In general, by averaging over translates of a metric, you can still assume that a given finite order diffeomorphism acts by isometries for some metric.  Generally, the isometry group of a compact Riemannian manifold will be a finite dimensional compact Lie group (I think this is a theorem of Yau).  
A: For a closed orientable surface Mg of genus g >= 2, there are only a finite number of possible orders of a diffeomorphism or homeomorphism h:Mg -> Mg.  One constraint on such orders is that the map induced on first homology 
     h*:H1(M2g) -> H1(M2g) 
belongs to GL(Z2g), and there is only a finite set of possible orders for elements of this group.  (Note that if h* is the identity on first homology with g >= 2, then h is homotopic to the identity on Mg and cannot have order > 1.)

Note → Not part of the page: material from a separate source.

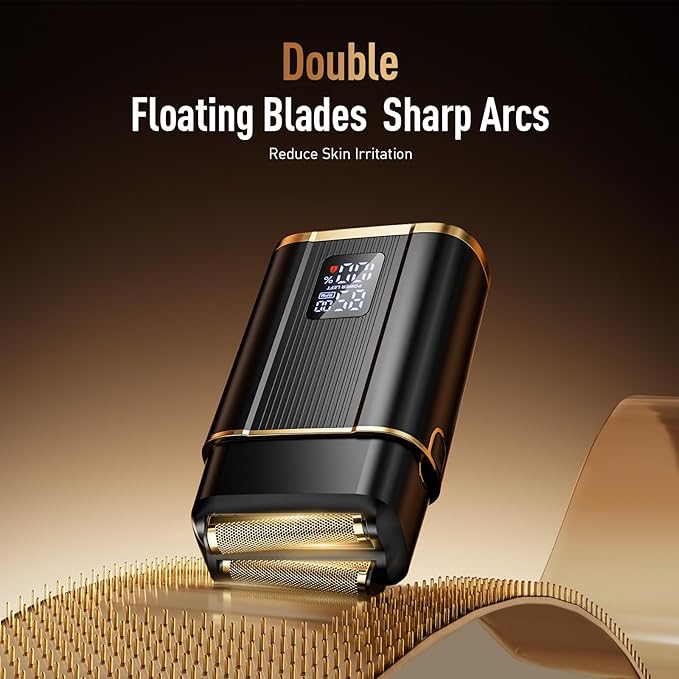 Foil Shavers for Men, High Speed Double Floating Blades Electric Razor, IPX6 Waterproof Dry/Wet, 2 Adjustable Speed Electric Shaver with LED Display, USB-C Deep Black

For this reason, e.g., on the double torus M2 there can be no homeomorphism of order greater than 12.  For more information see, e.g., Finite groups of matrices whose entries are integers, James Kuzmanovich and Andrey Pavlichenkov, American Mathematical Monthly, Vol. 109, No. 2 (Feb., 2002), pp. 173-186.
(In the converse direction, I suspect any isomorphism of the cohomology ring H*(Mg) can be realized by some self-homeomorphism of Mg, but do not have a reference for this offhand.)